Identify the lines in the data below that contain "Powder" and give only how many there are.
####
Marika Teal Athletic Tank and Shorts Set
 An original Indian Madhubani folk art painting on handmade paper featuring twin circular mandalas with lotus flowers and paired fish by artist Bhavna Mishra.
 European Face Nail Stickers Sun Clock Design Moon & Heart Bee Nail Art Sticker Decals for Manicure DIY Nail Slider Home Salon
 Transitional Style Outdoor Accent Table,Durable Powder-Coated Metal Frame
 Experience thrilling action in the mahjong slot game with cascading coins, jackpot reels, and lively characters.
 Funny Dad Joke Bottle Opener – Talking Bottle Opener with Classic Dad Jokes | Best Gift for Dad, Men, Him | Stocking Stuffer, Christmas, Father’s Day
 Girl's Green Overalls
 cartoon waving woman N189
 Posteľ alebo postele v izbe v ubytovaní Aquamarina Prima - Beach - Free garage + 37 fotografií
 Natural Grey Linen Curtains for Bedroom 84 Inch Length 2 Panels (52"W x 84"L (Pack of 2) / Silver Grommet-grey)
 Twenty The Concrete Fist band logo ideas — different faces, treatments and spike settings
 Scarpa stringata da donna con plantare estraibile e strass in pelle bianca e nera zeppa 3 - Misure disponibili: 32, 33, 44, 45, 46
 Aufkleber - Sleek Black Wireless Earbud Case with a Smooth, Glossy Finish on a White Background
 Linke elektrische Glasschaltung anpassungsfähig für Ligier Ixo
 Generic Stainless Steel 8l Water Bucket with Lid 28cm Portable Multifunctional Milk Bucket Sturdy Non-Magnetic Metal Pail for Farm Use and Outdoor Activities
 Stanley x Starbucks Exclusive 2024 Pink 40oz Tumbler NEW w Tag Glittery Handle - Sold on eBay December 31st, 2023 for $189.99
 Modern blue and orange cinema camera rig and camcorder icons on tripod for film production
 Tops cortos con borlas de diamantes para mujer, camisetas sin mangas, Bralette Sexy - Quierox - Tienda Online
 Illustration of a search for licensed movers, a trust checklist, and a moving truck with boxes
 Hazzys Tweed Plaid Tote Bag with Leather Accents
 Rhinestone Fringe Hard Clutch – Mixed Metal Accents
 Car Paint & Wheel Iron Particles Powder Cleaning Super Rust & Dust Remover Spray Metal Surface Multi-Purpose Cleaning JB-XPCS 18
####
* [REPLY TO THE EXERCISE]
2